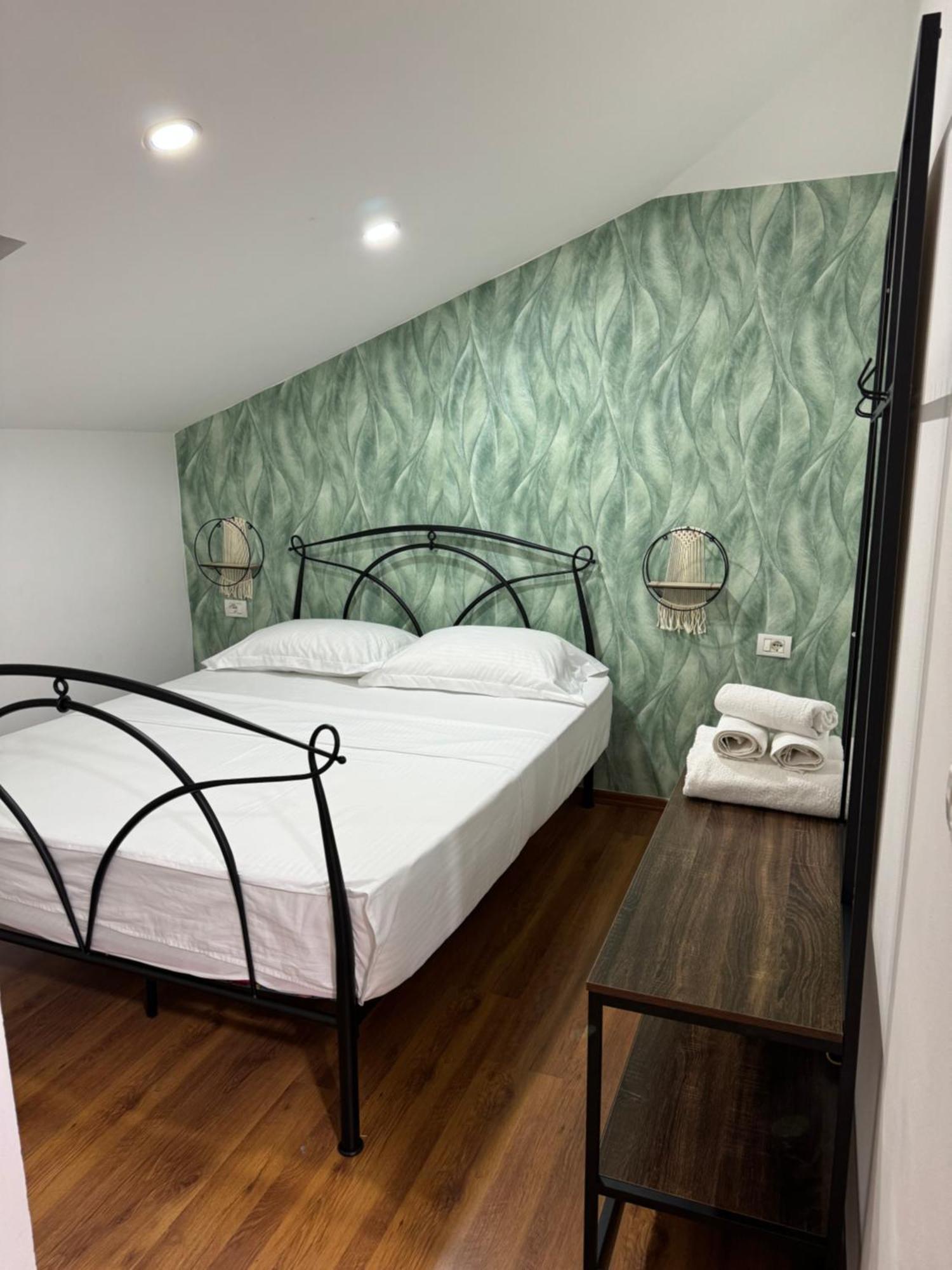 Guest House Himaj Berat Exterior foto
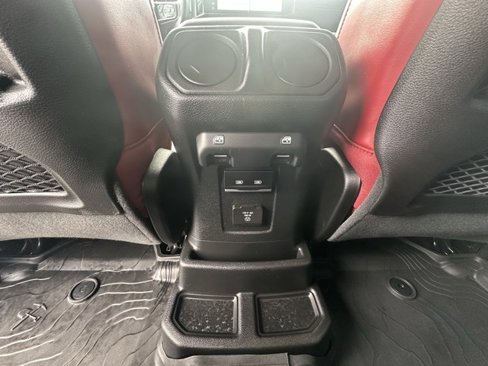 Used 2024 Jeep Wrangler Unlimited Rubicon 392 image 26
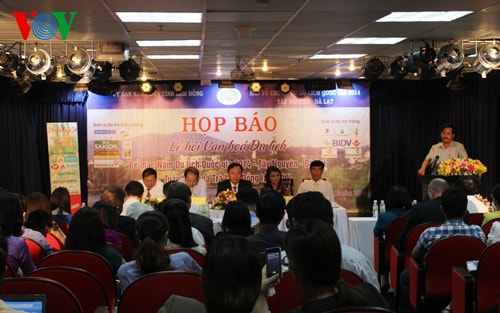 Quang cảnh buổi họp báo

** HOW TO COMPLETE THIS TASK **
A verbatim retyping of the listing, without any pictures, is the expected answer.

** YOUR RESPONSE **
 Guest House Himaj Berat Exterior foto
 Used 2024 Jeep Wrangler Unlimited Rubicon 392 image 26
 Quang cảnh buổi họp báo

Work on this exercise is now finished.